**Task requirements:**
Pictures do not belong in the copy. Write out exactly the lines from the one containing "Image showing Ouros" through the end of the data.

**Short text fragments from websites:**
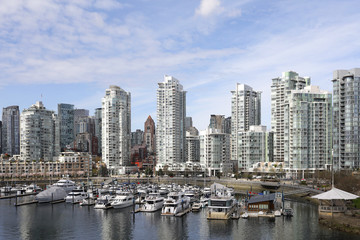 Fototapeta na wymiar Vancouver cityskyoe image.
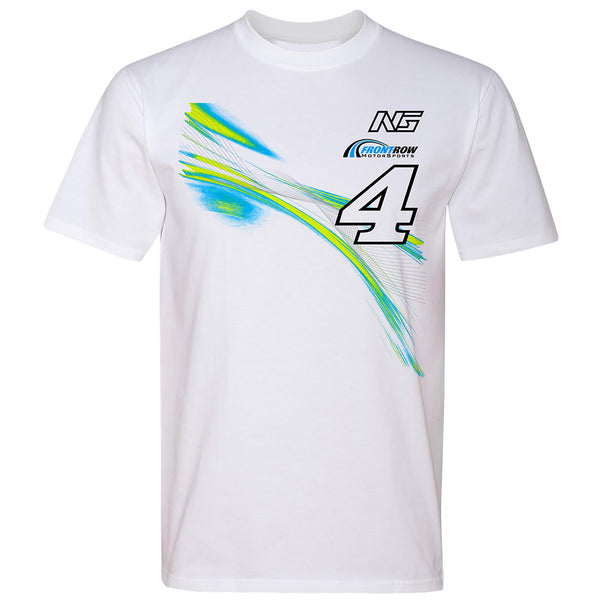 Noah Gragson 2025 Xtreme 2-Spot T-Shirt White #4 NASCAR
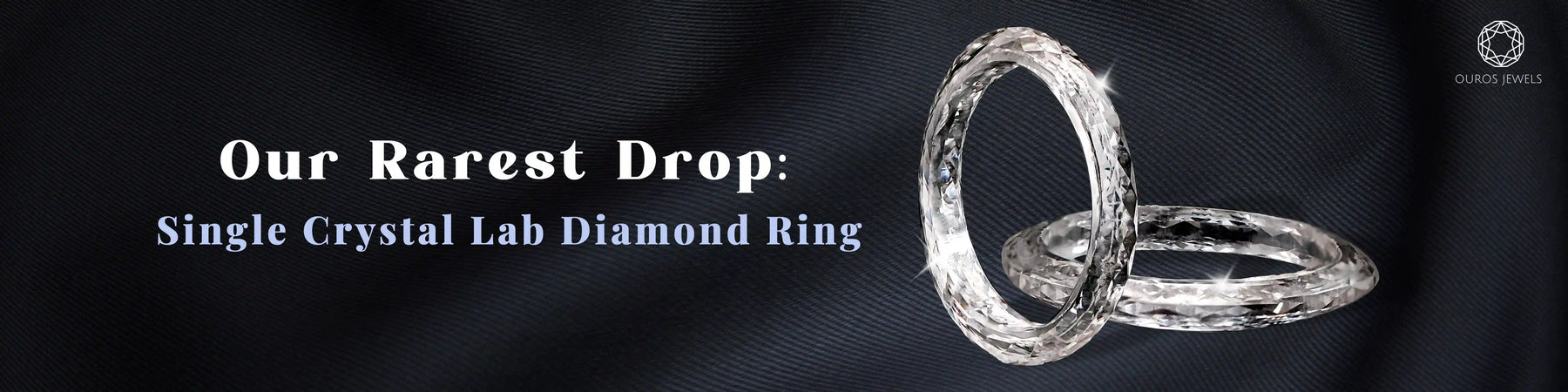 Image showing Ouros Jewels latest Single Crystal Lab Diamond Ring
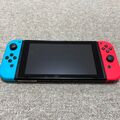 Nintendo Switch mit Joy-Con Neon Blau Neon Rot Neu aus Japan Gebraucht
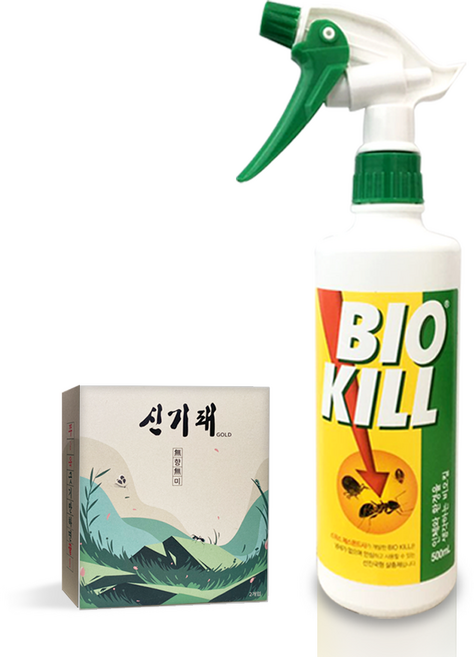 신기패 2개입 + 비오킬 스프레이500ml, 500ml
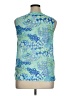 Talbots Blue Sleeveless Blouse Size 14 - photo 2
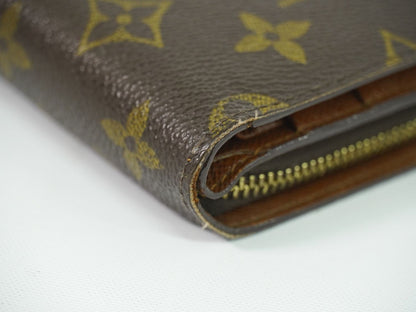 LOUIS VUITTON ポルト パピエ ジップ モノグラム 折財布 M61207
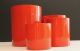 Mid Century 60 ' S Japanese 4 Chinese Red &black Lacquer Nested Containers Fun Mid-Century Modernism photo 8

**Answer to this task:**
 Image showing Ouros Jewels latest Single Crystal Lab Diamond Ring
 Nintendo Switch mit Joy-Con Neon Blau Neon Rot Neu aus Japan Gebraucht
 신기패 2개입 + 비오킬 스프레이500ml, 500ml
 Talbots Blue Sleeveless Blouse Size 14 - photo 2
 LOUIS VUITTON ポルト パピエ ジップ モノグラム 折財布 M61207
 Mid Century 60 ' S Japanese 4 Chinese Red &black Lacquer Nested Containers Fun Mid-Century Modernism photo 8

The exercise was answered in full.